On 6/22/06, Ian McDonald <[EMAIL PROTECTED]> wrote:
On 6/21/06, Arjan van de Ven <[EMAIL PROTECTED]> wrote:
> On Wed, 2006-06-21 at 10:34 +1000, Herbert Xu wrote:
> > > As I read this it is not a recursive lock as sk_clone is occurring
> > > second and is actually creating a new socket so they are trying to
> > > lock on different sockets.
> > >
> > > Can someone tell me whether I am correct in my thinking or not? If I
> > > am then I will work out how to tell the lock validator not to worry
> > > about it.
> >
> > I agree, this looks bogus.  Ingo, could you please take a look?
>
> Fix is relatively easy:
>
>
> sk_clone creates a new socket, and thus can never deadlock, and in fact
> can be called with the original socket locked. This therefore is a
> legitimate nesting case; mark it as such.
>
> Signed-off-by: Arjan van de Ven <[EMAIL PROTECTED]>
>
>
> ---
>  net/core/sock.c |    2 +-
>  1 file changed, 1 insertion(+), 1 deletion(-)
>
> Index: linux-2.6.17-rc6-mm2/net/core/sock.c
> ===================================================================
> --- linux-2.6.17-rc6-mm2.orig/net/core/sock.c
> +++ linux-2.6.17-rc6-mm2/net/core/sock.c
> @@ -846,7 +846,7 @@ struct sock *sk_clone(const struct sock
>                 /* SANITY */
>                 sk_node_init(&newsk->sk_node);
>                 sock_lock_init(newsk);
> -               bh_lock_sock(newsk);
> +               bh_lock_sock_nested(newsk);
>
>                 atomic_set(&newsk->sk_rmem_alloc, 0);
>                 atomic_set(&newsk->sk_wmem_alloc, 0);
>
>
When I do this it now shifts around. I'll investigate further
(probably tomorrow).

Now get

Jun 22 14:20:48 localhost kernel: [ 1276.424531]
=============================================
Jun 22 14:20:48 localhost kernel: [ 1276.424541] [ INFO: possible
recursive locking detected ]
Jun 22 14:20:48 localhost kernel: [ 1276.424546]
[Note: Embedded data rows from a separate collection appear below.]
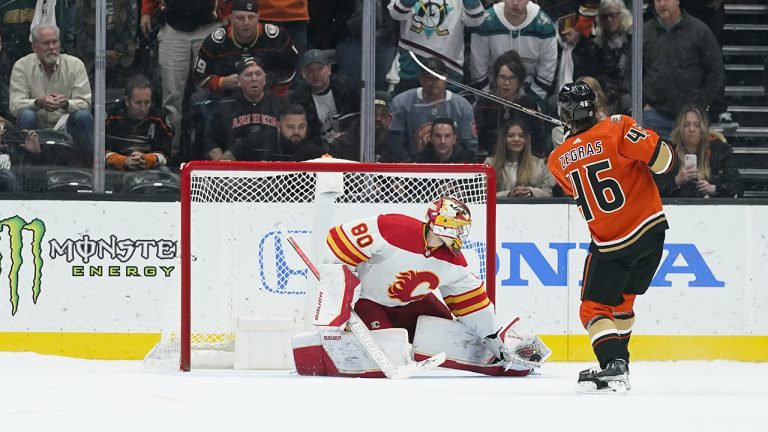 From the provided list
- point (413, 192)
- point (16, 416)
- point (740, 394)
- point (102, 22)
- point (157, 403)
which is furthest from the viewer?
point (102, 22)

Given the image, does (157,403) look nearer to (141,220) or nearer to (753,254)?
(141,220)

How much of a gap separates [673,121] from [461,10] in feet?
4.10

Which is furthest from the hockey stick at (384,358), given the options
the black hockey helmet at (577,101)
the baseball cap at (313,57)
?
the baseball cap at (313,57)

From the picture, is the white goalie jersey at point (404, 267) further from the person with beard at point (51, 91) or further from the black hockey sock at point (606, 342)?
the person with beard at point (51, 91)

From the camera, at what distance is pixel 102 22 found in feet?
22.3

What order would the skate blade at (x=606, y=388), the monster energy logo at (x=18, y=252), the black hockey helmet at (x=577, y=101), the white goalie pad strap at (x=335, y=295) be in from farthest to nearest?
the monster energy logo at (x=18, y=252), the white goalie pad strap at (x=335, y=295), the black hockey helmet at (x=577, y=101), the skate blade at (x=606, y=388)

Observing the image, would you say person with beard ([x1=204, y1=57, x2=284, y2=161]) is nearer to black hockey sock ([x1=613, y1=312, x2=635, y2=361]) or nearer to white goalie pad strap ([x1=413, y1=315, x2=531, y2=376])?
white goalie pad strap ([x1=413, y1=315, x2=531, y2=376])

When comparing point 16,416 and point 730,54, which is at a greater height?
point 730,54

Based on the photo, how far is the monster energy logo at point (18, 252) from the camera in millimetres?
6508

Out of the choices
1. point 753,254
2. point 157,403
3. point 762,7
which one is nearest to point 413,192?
point 753,254

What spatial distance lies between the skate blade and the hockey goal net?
1.49m

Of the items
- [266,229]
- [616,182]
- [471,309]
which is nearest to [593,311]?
[616,182]

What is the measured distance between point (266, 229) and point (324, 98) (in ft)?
3.00

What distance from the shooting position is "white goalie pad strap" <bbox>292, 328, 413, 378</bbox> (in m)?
5.20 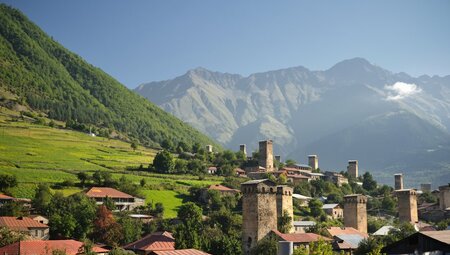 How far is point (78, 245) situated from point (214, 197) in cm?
3434

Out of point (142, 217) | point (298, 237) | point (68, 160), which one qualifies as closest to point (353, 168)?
point (68, 160)

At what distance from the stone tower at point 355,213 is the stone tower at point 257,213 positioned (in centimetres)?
3029

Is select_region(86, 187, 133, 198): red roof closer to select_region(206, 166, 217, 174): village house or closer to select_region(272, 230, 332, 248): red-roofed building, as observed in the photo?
select_region(272, 230, 332, 248): red-roofed building

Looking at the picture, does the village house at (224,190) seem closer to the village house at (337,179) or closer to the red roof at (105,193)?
the red roof at (105,193)

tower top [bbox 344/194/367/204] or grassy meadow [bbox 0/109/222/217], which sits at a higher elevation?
grassy meadow [bbox 0/109/222/217]

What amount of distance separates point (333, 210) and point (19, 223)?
57.6 metres

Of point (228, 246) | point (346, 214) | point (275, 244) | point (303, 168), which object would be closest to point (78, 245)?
point (228, 246)

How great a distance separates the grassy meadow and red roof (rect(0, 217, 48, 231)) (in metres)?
15.4

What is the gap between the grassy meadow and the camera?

---------------------------------------------
Jun 22 14:20:48 localhost kernel: [ 1276.424553] idle/0 is trying to
acquire lock:
Jun 22 14:20:48 localhost kernel: [ 1276.424559]
(&sk->sk_lock.slock#5/1){-+..}, at: [<c024594e>] sk_clone+0x5f/0x195
Jun 22 14:20:48 localhost kernel: [ 1276.424585]
Jun 22 14:20:48 localhost kernel: [ 1276.424587] but task is already
holding lock:
Jun 22 14:20:48 localhost kernel: [ 1276.424592]
(&sk->sk_lock.slock#5/1){-+..}, at: [<c027cd87>]
tcp_v4_rcv+0x42e/0x9b3
Jun 22 14:20:48 localhost kernel: [ 1276.424616]
Jun 22 14:20:48 localhost kernel: [ 1276.424618] other info that might
help us debug this:
Jun 22 14:20:48 localhost kernel: [ 1276.424624] 2 locks held by idle/0:
Jun 22 14:20:48 localhost kernel: [ 1276.424628]  #0:
(&tp->rx_lock){-+..}, at: [<e0898915>] rtl8139_poll+0x42/0x41c
[8139too]
Jun 22 14:20:48 localhost kernel: [ 1276.424666]  #1:
(&sk->sk_lock.slock#5/1){-+..}, at: [<c027cd87>]
tcp_v4_rcv+0x42e/0x9b3
Jun 22 14:20:48 localhost kernel: [ 1276.424685]
Jun 22 14:20:48 localhost kernel: [ 1276.424686] stack backtrace:
Jun 22 14:20:48 localhost kernel: [ 1276.425002]  [<c0103a2a>]
show_trace_log_lvl+0x53/0xff
Jun 22 14:20:48 localhost kernel: [ 1276.425038]  [<c0104078>]
show_trace+0x16/0x19
Jun 22 14:20:48 localhost kernel: [ 1276.425068]  [<c010411e>]
dump_stack+0x1a/0x1f
Jun 22 14:20:48 localhost kernel: [ 1276.425099]  [<c012d6cb>]
__lock_acquire+0x8e6/0x902
Jun 22 14:20:48 localhost kernel: [ 1276.425311]  [<c012d879>]
lock_acquire+0x4e/0x66
Jun 22 14:20:48 localhost kernel: [ 1276.425510]  [<c02989e1>]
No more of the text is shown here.